# Macro shots of my plants



## Mahlady (Dec 19, 2012)

<3.


----------



## l8nite (Aug 29, 2012)

Agree @ <3.


----------



## arktixan (Mar 12, 2010)

Love that shot of the Java Fern with the bubbles.


----------



## samee (Oct 14, 2011)

aww thanks guys  Didnt expect this much <3


----------



## Doc7 (Apr 7, 2011)

Great!!

What is your rotala indica growing out of a bed of?


----------



## secuono (Nov 19, 2009)

Your Rotala Indica is actually Rotala Rotundifolia.

Nice shots, though.


----------



## samee (Oct 14, 2011)

secuono said:


> Your Rotala Indica is actually Rotala Rotundifolia.
> 
> Nice shots, though.



Thank you, I confused the name btw the two.

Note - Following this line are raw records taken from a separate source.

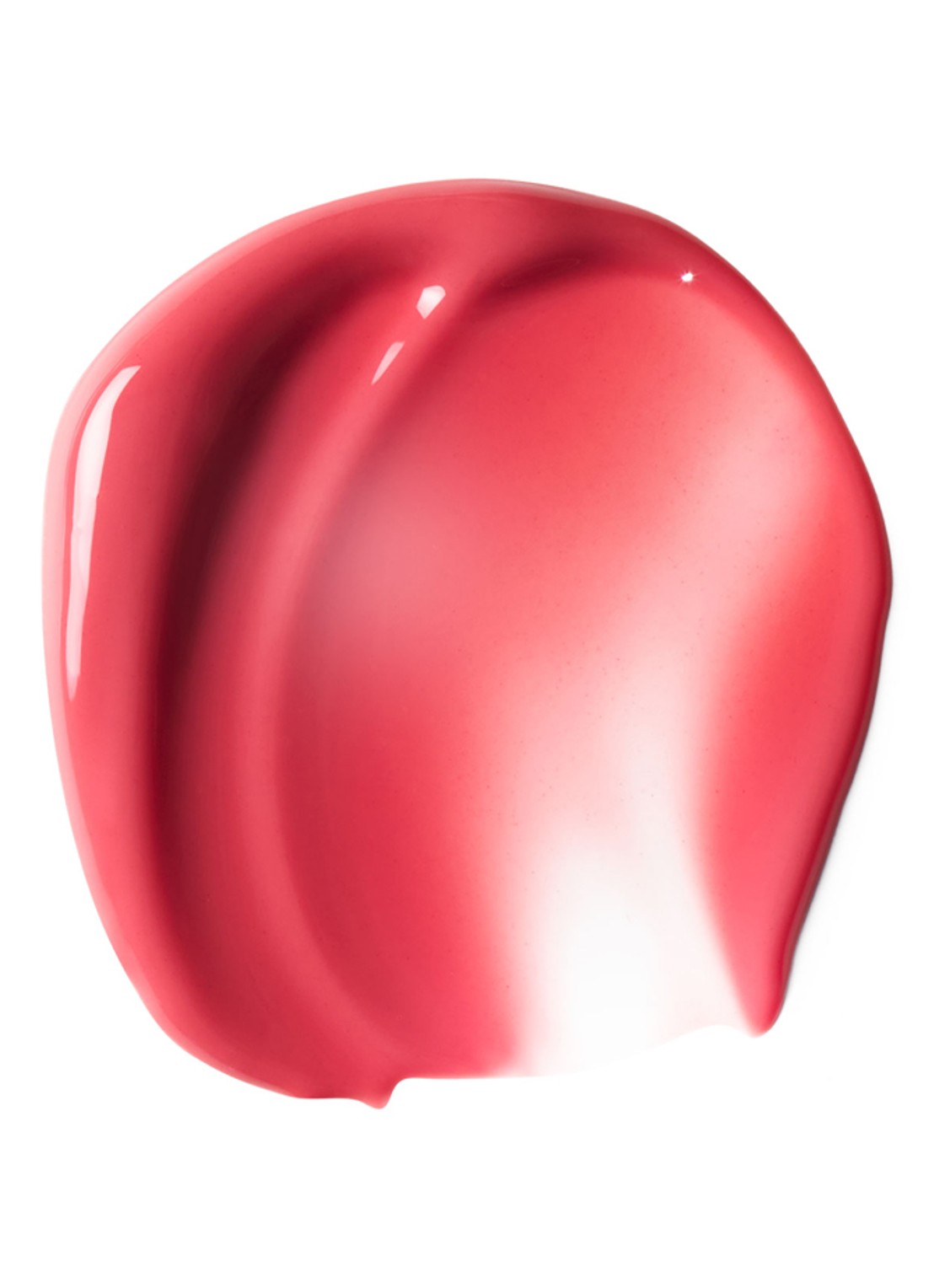 ILIA Beauty Overglaze Hydrating Lip Gloss - lipgloss - voorkant 2 slip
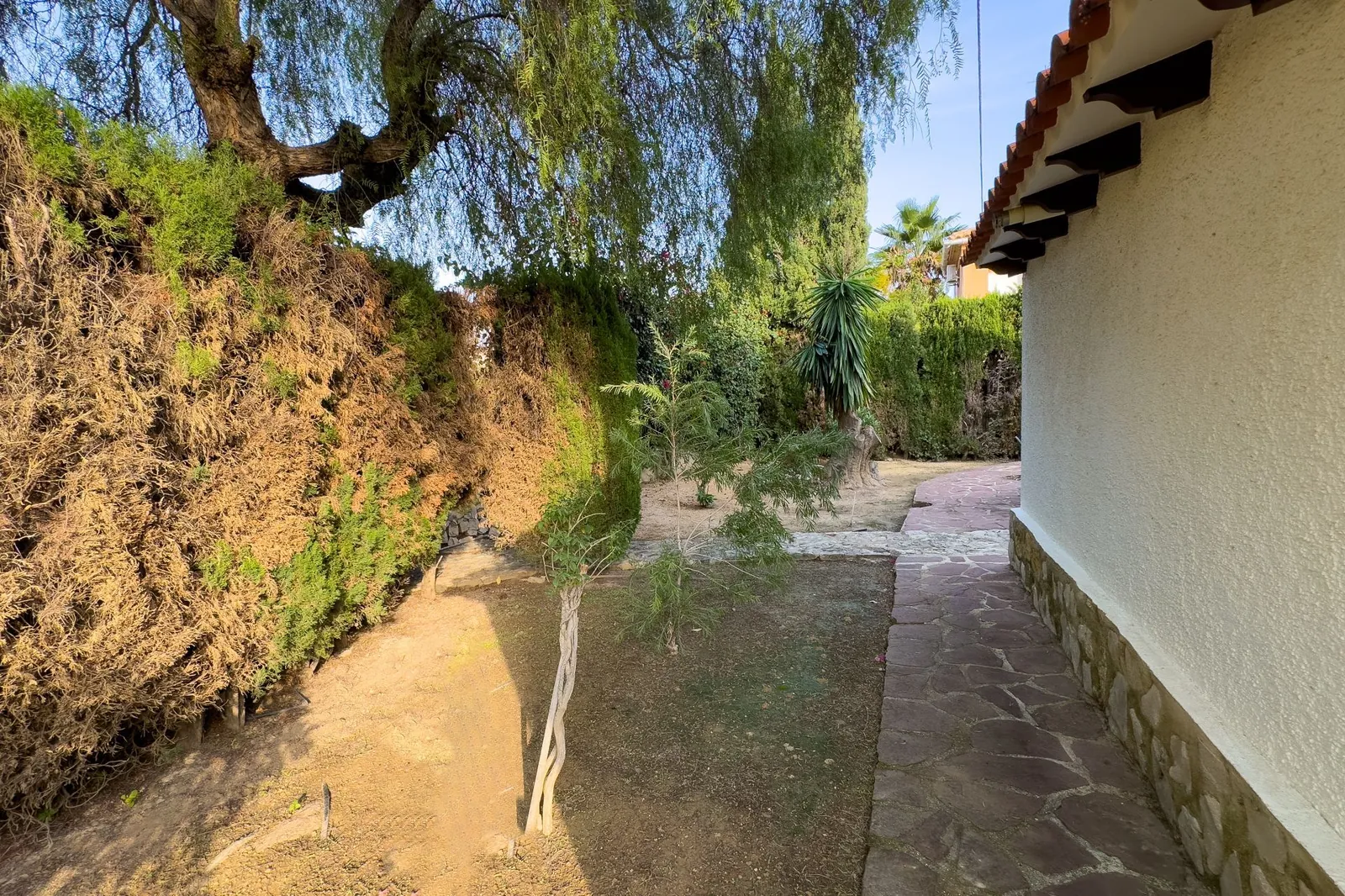 Villa for sale in Calpe / Calp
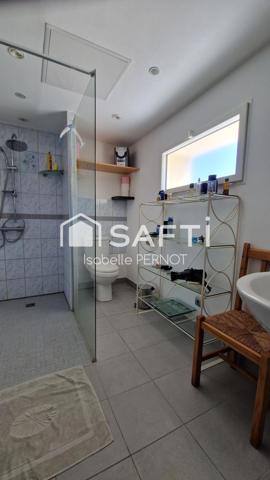 Maison rénovée 7 pièces – Bérulle (10160) RT 2012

Doc what do you mean? bed as in substrate? Im using flourite. It was really messy when I had these (Rotala Rotundifolia), its like 10 stems coming out of one mother shoot I think.


----------



## bud29 (Sep 30, 2012)

Very interesting. Thanks for sharing!


----------



## GMYukonon24s (May 3, 2009)

Beautiful pics!


----------



## Snowflake311 (Apr 20, 2011)

That Riccia shot is really nice.


----------



## samee (Oct 14, 2011)

Thank you guys. My Ludwigia sp. Rubin is turning really nice colours but it in the background, so itl be hard taking macros of it. Ill try, if it turns out good, Ill post here 

Snow the riccia shot was a surprise to me. I took a quick pic in btw my lights for a plant sale. When I opened the image and zoomed in a little it turned out to be pretty nice. The original size of these pics is like 4000x2700 or something. I resized them so I dont crash the forum. I really like how the riccia has waves  Serious weed though (it floats around, never managed to tie it down)


----------